This interview was conducted for the ‘The Global Governance Futures 2025’ programme which brings together young professionals to look ahead and recommend ways to address global challenges.
MH & JS: What is geoengineering and why is the topic important? What are some of the most significant factors that will impact geoengineering in the coming decade?
SS: There’s been some debate over the definition of geoengineering. However, I tend to go with the Royal Society definition which is that geoengineering is “the deliberate large-scale intervention in the Earth’s climate system, in order to moderate global warming.” There are two broad classes of geoengineering techniques. The first is carbon dioxide removal (CDR) techniques that absorb carbon dioxide from the atmosphere. The second is solar radiation management (SDR) techniques that seek to reflect the sun’s light and heat back into space.
Over the next decade, I think that one of the most significant factors impacting geoengineering will be the extent to which natural disasters – such as intense droughts and typhoons – are perceived as linked to climate change, which may accelerate research funding for geoengineering. Another important factor will be technological advancements in CDR and SDR and the level of traction that these technologies gain in research labs and start-ups. And lastly, in our hyper-connected society, the impact of media cannot be underestimated. If Hollywood, media personalities, or other high-profile leaders galvanize public awareness of geoengineering, we could see a push for awareness – whether positive or negative – in funding and regulations of geoengineering.
MH & JS: Thus far into the GGF program, having surveyed factors that influence the field of geoengineering, what are issues that have been most difficult to form consensus on?
SS: For those of us in the geoengineering working group, it has been challenging because it is a nascent field and there is so much that is unknown in terms of technical feasibility and potential side-effects.

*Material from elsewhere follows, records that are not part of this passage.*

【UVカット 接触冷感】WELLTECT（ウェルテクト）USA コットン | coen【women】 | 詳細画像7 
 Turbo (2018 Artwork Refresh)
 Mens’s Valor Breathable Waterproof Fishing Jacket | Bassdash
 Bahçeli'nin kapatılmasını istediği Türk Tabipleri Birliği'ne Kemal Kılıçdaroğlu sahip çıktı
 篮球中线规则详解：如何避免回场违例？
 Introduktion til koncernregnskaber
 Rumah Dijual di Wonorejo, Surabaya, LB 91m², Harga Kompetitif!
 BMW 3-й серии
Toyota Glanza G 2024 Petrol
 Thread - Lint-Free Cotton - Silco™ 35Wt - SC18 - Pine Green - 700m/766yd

Probably the biggest underlying theme that repeatedly surfaced during our discussion about geoengineering governance was the developed- versus developing-country perspective. Where countries prioritize geoengineering will be quite different between the two sets of countries on a number of issues. For the most part, developed countries have driven the conversation on geoengineering governance. Currently Berlin is hosting the world’s first major geoengineering conference where Oxford’s Professor Steve Rayner unveiled a draft proposal to create the first serious framework for governing future geoengineering experiments.
One thing that was interesting and humbling to watch was to see where each of us ranked the importance of our country’s leadership on geoengineering governance. Not surprisingly, the majority of us seemed to think that our country or region would be critical players in this field. Hashing these conversations in the open helped me to question certain paradigms and assumptions that I hold as an American, especially as it relates to international relations.
MH & JS: Do you think geoengineering will become an important topic for major American think tanks such as the Wilson Center in the near future? What kinds of expertise do these institutions need to acquire in order to effectively study such an issue area?
SS: Currently there has been relatively little attention paid to geoengineering at major American think tanks, but I think that this will change if we continue to experience severe climate impacts. If we continue to face roadblocks in fighting climate change, which in the US we are facing domestically, geoengineering could become less of an abstract idea and more of a possible last resort.
As someone who works on environment and energy issues at an American think tank, I think we need to do a much better job engaging scientists. There’s a big gap between the natural/physical sciences and public policy. Sometimes it seems like scientists and policymakers or in my case, those seeking to inform policy-making, speak completely different languages. While it may seem overly ambitious, I would love to see more prominent natural and physical scientists do a short research-policy fellowships at think tanks. Of course, for this to happen there would need to be the right incentives in place financially and professionally. A program that I think that tries to get at bridging science and policy is the AAAS fellowship which places scientists at federal agencies such as the State Department at USAID. It would be great to see a think tank version of this.
MH & JS: Being Chinese-American and having worked extensively on China’s environmental, food and public health issues, how would you describe your position and experience in a program like GGF?
SS: Participating in GGF has been an incredible learning experience. As a Chinese-American, I sometimes feel caught between being the “American” and the “Chinese,” which fuels my interest in intercultural communication. Increasingly, the global community faces looming threats – such as cyber warfare and climate change – that render geographic boundary lines feckless. Thus tackling these global governance challenges requires navigating diplomatically with multi-stakeholders from many different countries and cultures. .
GGF has given me a taste of how difficult it can be to form international consensus – each country has its own, unique geopolitical concerns and sociocultural contexts. History matters. It impacts a nation’s psyche through which its citizens interpret the world.
It is great to build knowledge networks and friendships with people from China, India, Germany, Japan, and other Americans. And while it has been a great learning experience, we are also having fun along the way. I am so excited to be able to travel to the home countries of those in our working group and also to have them come to Washington DC. There’s something about traveling in a country which helps you better understand the various factors that influence that country’s perspective on an issue. GGF is a unique program like no other.
Susan Chan Shifflett is program associate at the Woodrow Wilson Center’s China Environment Forum (CEF) and a Global Governance Futures 2025 fellow. The views expressed are those of the interviewees and do not necessarily represent the views of, and should not be attributed to, the Woodrow Wilson Center’s China Environment Forum.